Наверное, можно было б впасть в уныние, если бы современная “постбродская” поэзия являла себя лишь вровень с текущим днем, с его убогой злобой. Если бы поэт обнаруживал только свою слабость, податливость, готовность к капитуляции перед веяниями момента.
Но, как мы видели, есть все-таки поэты и поэты. Есть стихи и стихи. Одни претендуют на высокий трагизм (Соснора), другие пародируют идиллию. В целом, конечно, из заданной в ХХ веке интуициями Бродского и Мандельштама парадигмы почти никто не вышел. Но есть, есть и сегодня высокий уровень поэтического существования. Есть поэты, встающие над эпохой.
Особый подход к античной теме у известного петербургского поэта Виктора Кривулина. В его претендующем на глобальные историко-культурные обобщения стихотворении “Прометей раскованный” античный образ возникает в актуальном контексте, при попытке передать переживание реальности на рубеже тысячелетий. И поэт, фиксируя состояние распадающейся вселенной, вовсе не склонен умножать хаос. Правда, преодоление бредоносной обыденности осуществляется здесь не в духе греческого трагического фатализма и не в римско-стоицистских декорациях, а скорей в специфическом христианском ключе.

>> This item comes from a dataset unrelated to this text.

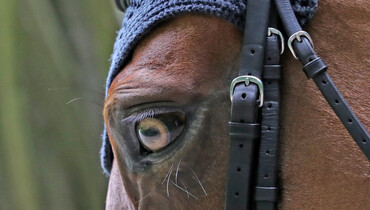 Equine Ethics and Wellbeing Commission set to present international survey results in an interim report in South Africa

на своем на языке собачьем то ли радуемся то ли плачем ? кто нас, толерантных, разберет разнесет по датам, по задачам и по мэйлу пустит, прикрепив аттачем, во всемирный оборот зимний путь какой-то путин паутина мухи высохшее тельце пародийно ? в сущности она и есть орел, на курящуюся печень Прометея спущенный с небес, — и от кровей пьянея в горних видах откровение обрел оттащите птицу от живого человека! пусть он полусъеденный пусть лает как собака ? нету у него иного языка! летом сани а зимой телега но всегда — ущельем да по дну оврага с немцем шубертом заместо ямщика путь кремнистый, путь во мрак из мрака в далеко — издалека
Здесь возникает неожиданный отзыв на формулу Бавильского о содранной коже. Не полнота высказывания, а его неизбежность, равнозначная и синонимичная неизбежности страдания, — вот ситуация актуального творчества. Прометей оказывается метафорой человека вообще, причем человека страдающего, поэта в частности. Но очевидная абсурдность хода истории (личной, общественной, национальной, всеобщей…) “во мрак из мрака” не мешает ни нашему сочувствию к протагонисту, ни нашему упорству в деле преодоления судьбы.
Чем больше внешний мир (пространство больной социальности) навязывает себя человеку, тем меньше у человека оснований поддаваться его домогательствам. Этот мир беспощаден к нам, но без нас он лишен смысла.
* См. L-критика. Ежегодник Академии Русской Современной Словесности – 2000. М.,АРСС, стр. 55.